Итак, реклама и искусство прошлого оказываются тесно связаны, и эта связь проявляет себя в той ориентации на форму (произведения), к которой всегда стремилось классическое искусство и которая в превращенном виде сохранена именно рекламой. Когда мы говорим о тотальном потреблении, то за этим стоит идея тотальности формы. И тогда очевидно, что “тотальность” не есть полнота, но есть намерение удержать мира в целостности. Или — придания ему смысла. Таков тотализующий характер культуры, идея Gesamtkunstwerk, но также и голландский “тотальный футбол” семидесятых. И немаловажно то, что и искусство Вагнера, и тренерские идеи Ринуса Михельса нашли свое воплощение на границе театрального зрелища и политики. Именно со сферой политики неизбежно связана всякая тотализация. Как следствие искусство вынужденно оказывается политизированным, зависимым от множества властных стратегий, где риторики цены, ценности или вкуса — лишь наиболее заметные проявления действия капитала. Чтобы избежать этого, приходится отказываться от многих привычных способов говорить об искусстве и, в частности, от неизбежно тотализующей речи в терминах сущности, подлинности, изначальности. Искусство прошлого в эпоху “капитализированной чувственности” является не чем иным, как постоянным воспроизводством самой этой подвластной чувственности. А всякое “произведение искусства” становится рекламой искусства.
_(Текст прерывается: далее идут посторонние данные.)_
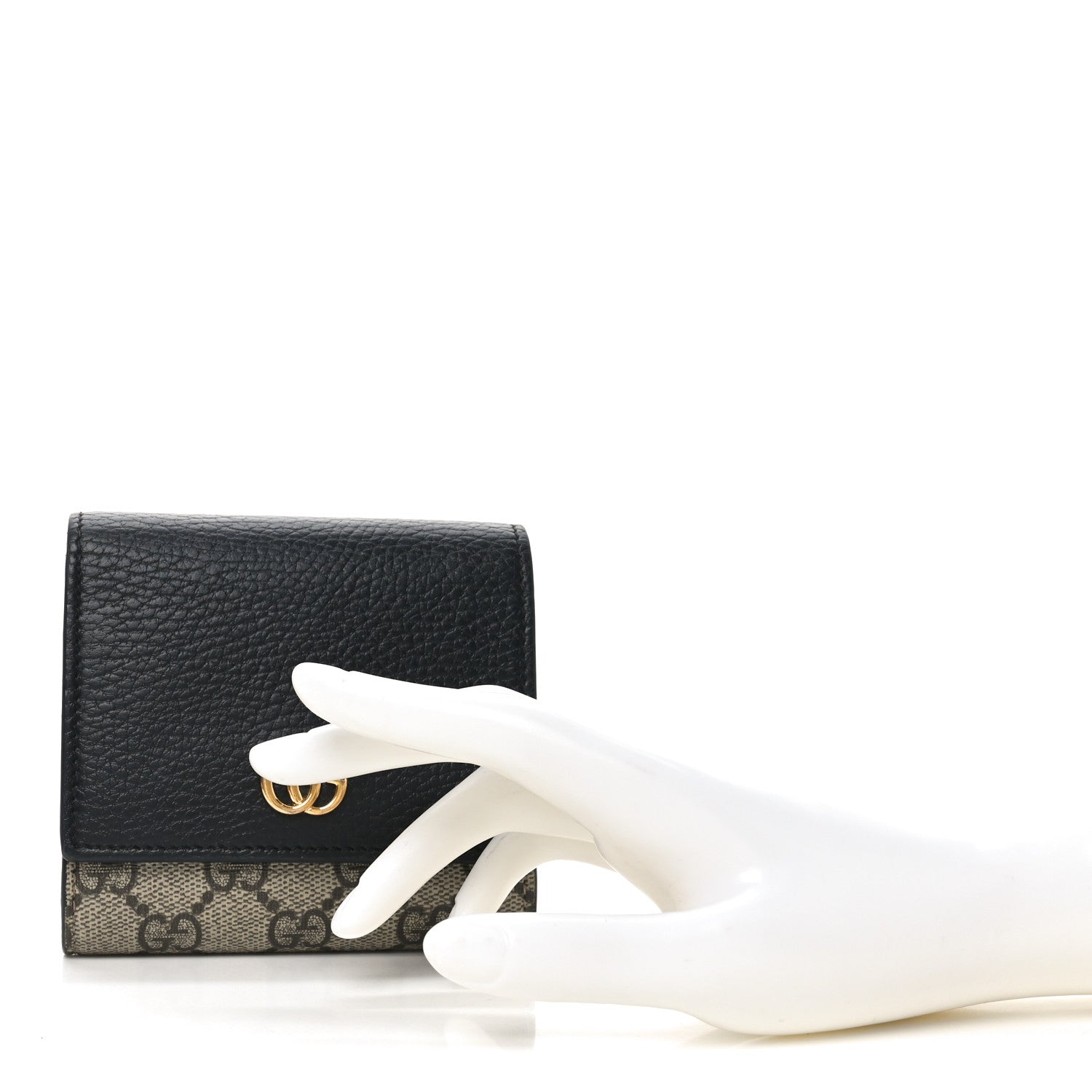 Gucci Dollar Calfskin GG Supreme Monogram Medium GG Marmont Wallet Black Beige Ebony 2 of 6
Сама же реклама, будучи инструментом экономической политики, будучи изначально деауратизированной, возможно, оказывается ближе к другому пониманию искусства, хотя и не совпадает с ним. Это понимание связано с тем, что искусство невозможно без социальной критической позиции в отношении существующих ценностей, оно предполагает постоянную трансформацию и самого понимания искусства. И реклама — сегодня один из главных источников такого рода изменений, поскольку без промедления поставляет образцы клишированности искусства, образцы ограниченности и несвободы любых произведений и нас самих, восторженных их почитателей.